4.3 Experimental Results
5. Implications for Future OLTP Engines
- Stripping out any one of the components of the system has a relatively small benefit on overall performance.
- The most significant gains are to be had when multiple optimizations are applied.
5.1 Concurrency Control
- some sort of optimistic concurrency would be the prevailing operation
5.2 Multi-core Support
- Run multiple transactions concurrently on separate cores;
- Use virtualization;
- Exploit intra-query parallelism, but the amount of intra-query parallelism available in a typical OLTP transactions is likely to be limited.
5.3 Replication Management
The main reason that active-passive replication with log shipping has been used in the past is that the cost of rolling the log forward has been assumed to be far lower than the cost of performing the transaction logic on the replica.
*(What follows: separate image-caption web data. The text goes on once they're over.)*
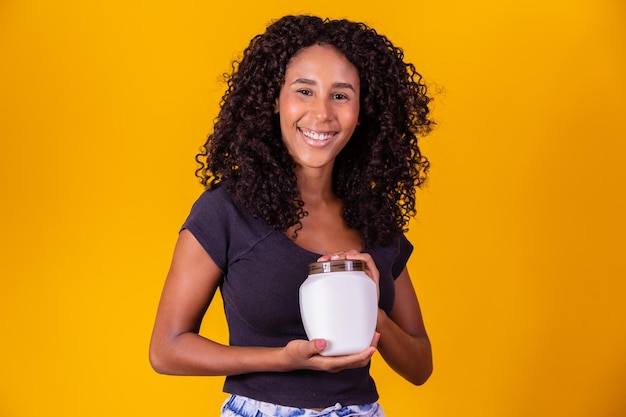 Joven mujer afro sosteniendo en las manos un paquete de crema para el cabello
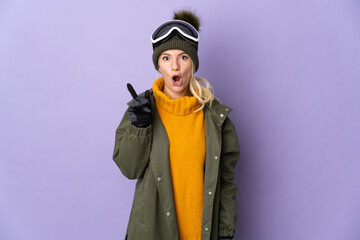 Skier Russian girl with snowboarding glasses isolated on purple background intending to realizes the solution while lifting a finger up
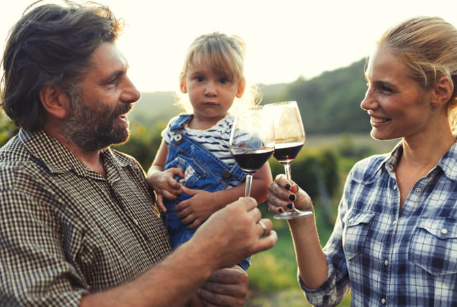 two people toasting wine glasses while holding child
Limitation of active-passive replication with log shipping
- The remote copies are not transactionally consistent with the primary, unless a form of two-phase commit is used;
- Failover is not instantaneous;
- Requires the availability of a log.
In a main memory DBMS, the cost of a transaction is typically less than 1 msec, in this case, an alternate active-active architecture makes sense. In such a scenario, two-phase committing will introduce substantial additional latency, perhaps by performing transactions in timestamp order.
5.4 Weak Consistency
- Eventual Consistency: sensitive to workloads
5.5 Cache-conscious B-trees
It appears to be more important to optimize other components, such as concurrency control and recovery, than to optimize data structures.